The _Odyssey_ emphasis is on the
"generational" 20 year total absence of Odysseus:
-----------------------------------------------
BOOK XIX

"Madam," answered Ulysses, "it is such a long time ago that I can
hardly say. *TWENTY YEARS* are come and gone since he left my home,
and went elsewhither; but I will tell you as well as I can recollect.

"Nurse, do you wish to be the ruin of me, you who nursed me at your
own breast, now that after *TWENTY YEARS* of wandering I am at last
come to my own home again?
................................
BOOK XXIII

"Mother- but you are so hard that I cannot call you by such a name-
why do you keep away from my father in this way? Why do you not sit
by his side and begin talking to him and asking him questions? No
other woman could bear to keep away from her husband when he had come
back to her after *TWENTY YEARS* of absence, and after having gone
through so much; but your heart always was as hard as a stone."

"My dear," said he,
"heaven has endowed you with a heart more unyielding than woman
ever yet had. No other woman could bear to keep away from her
husband when he had come back to her after *TWENTY YEARS* of absence,
and after having gone through so much. But come, nurse, get a bed
ready for me; I will sleep alone, for this woman has a heart
as hard as iron."
................................
BOOK XXIV

A dark cloud of sorrow fell upon Laertes as he listened. He filled
both hands with the dust from off the ground and poured it over his
grey head, groaning heavily as he did so. The heart of Ulysses was
touched, and his nostrils quivered as he looked upon his father; then
he sprang towards him, flung his arms about him and kissed him, saying,
"I am he, father, about whom you are asking- I have returned after
having been away for *TWENTY YEARS*. But cease your sighing and lamentation-
we have no time to lose, for I should tell you that I have been killing
the suitors in my house, to punish them for their insolence and crimes."
------------------------------------
Now Jupiter/Saturn conjunctions occur only about every 20 years
or so perhaps the Mercurial Odysseus left Ithaca during
a rare Mercury/Jupiter/Saturn triple conjunction:

Code: Select all

November 4, 1198 BC: (Fri -1197 Nov 4 17:57)
http://www.fourmilab.ch/cgi-bin/Solar
.
.              Right                   Distance    From 38°N 90°W:
.            Ascension    Declination      (AU)   Altitude Azimuth
.
MERCURY     12h 44m 11s    -1° 57.8'     0.910    45.832   29.918 Up
Jupiter     12h 42m  2s    -3° 24.0'     6.266    44.301   29.817 Up
Saturn      12h 42m  1s    -2°  4.9'    11.042    45.509   30.562 Up
Note: *MERCURY* Jupiter & Saturn only get this close
. to each other (i.e., within 1.6°)
. only once every 50,000 years or so!! :
-----------------------------------------------
BOOK V

"What, my dear, are you talking about?" replied [Jupiter] , "did you
not send him there yourself, because you thought it would help Ulysses
to get home and punish the suitors? Besides, you are perfectly able
to protect Telemachus, and to see him safely home again, while the
suitors have to come hurry-skurrying back without having killed him."

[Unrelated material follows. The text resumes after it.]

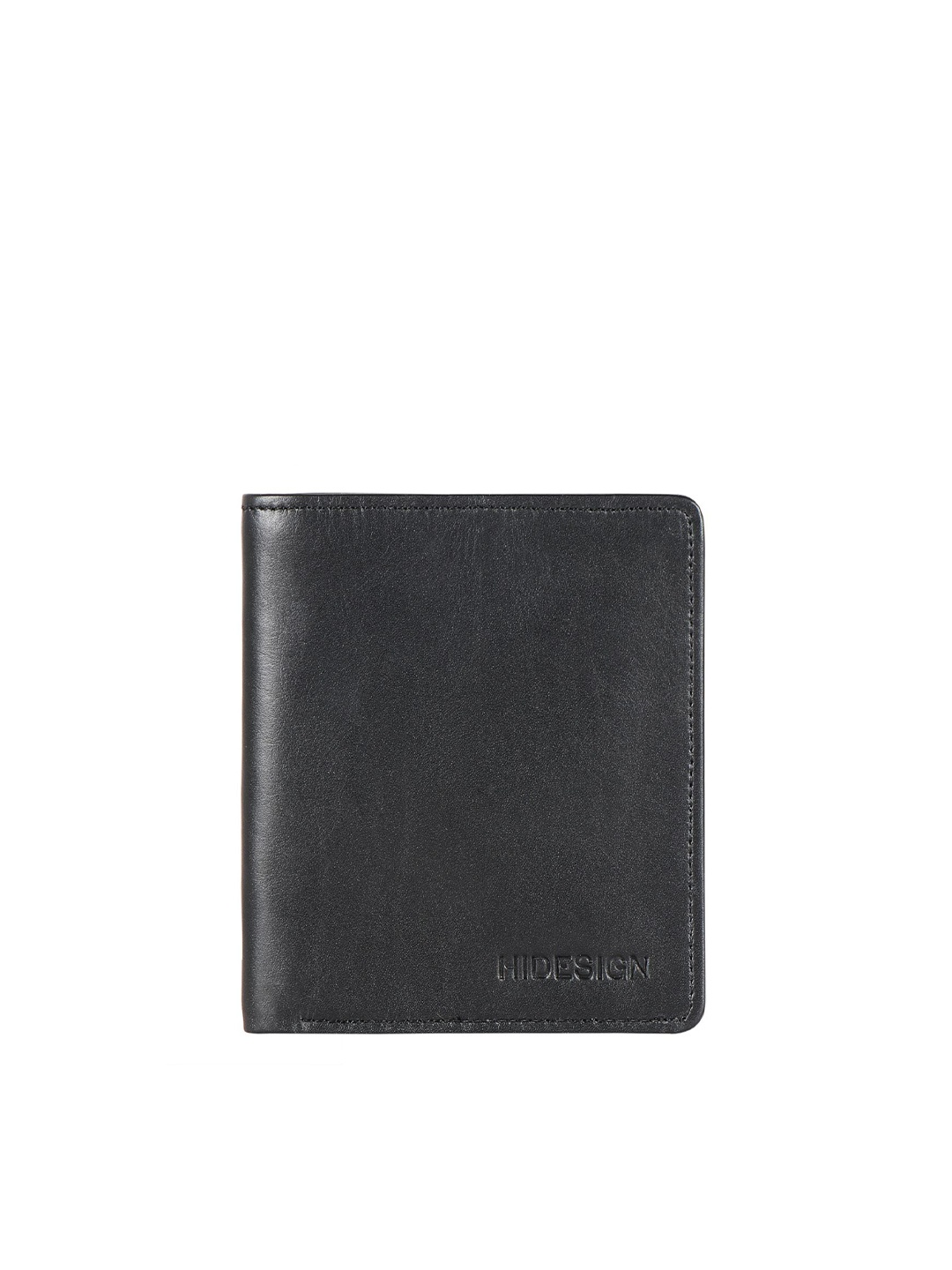 

Hidesign Men Black Leather Two Fold Wallet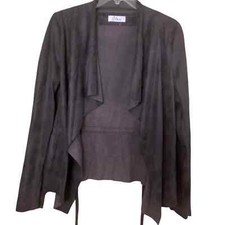 Elan Women's Brown Faux Leather Jacket Drape Collar Wrap Jacket Size Medium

When he had thus spoken, he said to his son *MERCURY*, "MERCURY, you
are our messenger, go therefore and tell Calypso we have decreed that
poor Ulysses is to return home. He is to be convoyed neither by gods
nor men, but after a perilous voyage of *TWENTY DAYS* upon a raft he
is to reach fertile Scheria, the land of the Phaeacians, who are near
of kin to the gods, and will honour him as though he were one of ourselves.

They will send him in a ship to his own country, and will give him
more bronze and gold and raiment than he would have brought back from
Troy, if he had had had all his prize money and had got home without
disaster. This is how we have settled that he shall return to his
country and his friends."

Thus he spoke, and *MERCURY*, guide and guardian, slayer of Argus, did
as he was told. Forthwith he bound on his glittering golden sandals
with which he could fly like the wind over land and sea. He took the
wand with which he seals men's eyes in sleep or wakes them just as
he pleases, and flew holding it in his hand over Pieria; then he swooped
down through the firmament till he reached the level of the sea, whose
waves he skimmed like a cormorant that flies fishing every hole and
corner of the ocean, and drenching its thick plumage in the spray.
He flew and flew over many a weary wave, but when at last he got to
the island which was his journey's end, he left the sea and went on
by land till he came to the cave where the nymph Calypso lived.

Re: Ithaca Chasma (2008 June 24)

by bystander » Tue Jun 24, 2008 3:52 pm

neufer wrote:It would have been even more embarrassing if Odysseus had returned home before the war began!
Yes, that would have been quite embarrassing for Odysseus. But for a science writer to place 1178 BCE before 1190 BCE should be a major foopah. If I were Choi, I would be extremely embarassed.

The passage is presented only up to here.